Siva is one of lakhs of government job aspirants upset with KCR’s two terms in office, accusing the chief minister of failing to counteract “inordinate delays in recruitment notifications” and “back-to-back fiascos including exam paper leaks”.

“Never in his speeches does the chief minister talk about us educated youngsters, our aspirations. He probably thinks we are good enough only for gorlu, barlu,” says Siva’s classmate Sai A., referring to schemes of the KCR government aimed at distribution of sheep and buffaloes to farmers from marginalised communities at subsidised prices.

Siva is a first-time voter in Southeast Telangana’s Nalgonda while Sai will cast his ballot for the second time, in Nagarjuna Sagar. Both say they are inclined to vote against the incumbent as “it appears impossible to land a government job in the BRS regime”.

Students at Kakatiya University in Warangal | Prasad Nichenametla | ThePrint
Students at Kakatiya University in Warangal | Prasad Nichenametla | ThePrint
Voters below 35 years of age, the age bracket of which government job aspirants and students pursuing higher education are a part, constitute about one third of the state’s
3.2 crore-strong electorate.

About 140 km from Kakatiya University, is Hyderabad’s Osmania University. Over a decade ago, both these varsities were at the centre of the student-led protests to demand statehood for Telangana.

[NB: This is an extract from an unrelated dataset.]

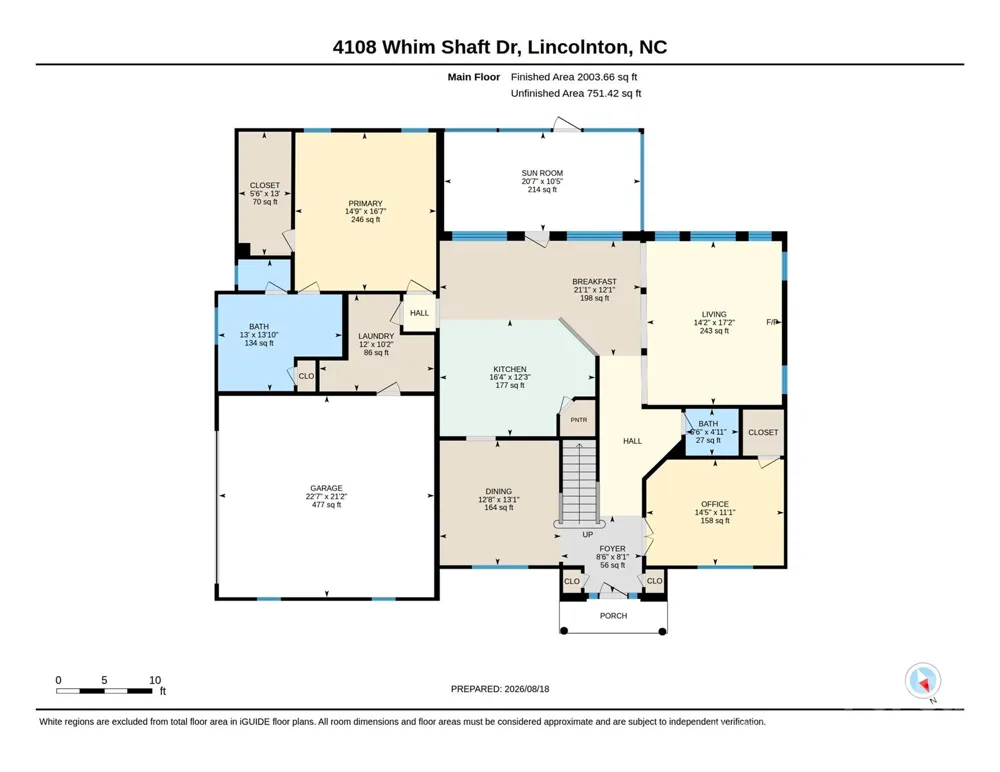 4108 Whim Shaft Drive Lincolnton, NC 28092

Educated youngsters who took part in the agitation expected better job opportunities in a separate state. This sentiment stemmed from a feeling that better-paying jobs were being cornered by their counterparts from the Andhra side (when the two states were part of united Andhra Pradesh).

N. Narayana, 34, is back at Osmania University to pursue Master of Education (M.Ed.) in the hope of securing a teaching job with the government. The Osmania University hostels him and other scholars are lodged in continue to be in the same ramshackle condition they were in before the formation of Telangana. A voter in Achampet, he comes from the backward Medara community and pursued a Master of Science (M.Sc.) in Mathematics at Osmania University 11 years ago, when the statehood movement was at its peak.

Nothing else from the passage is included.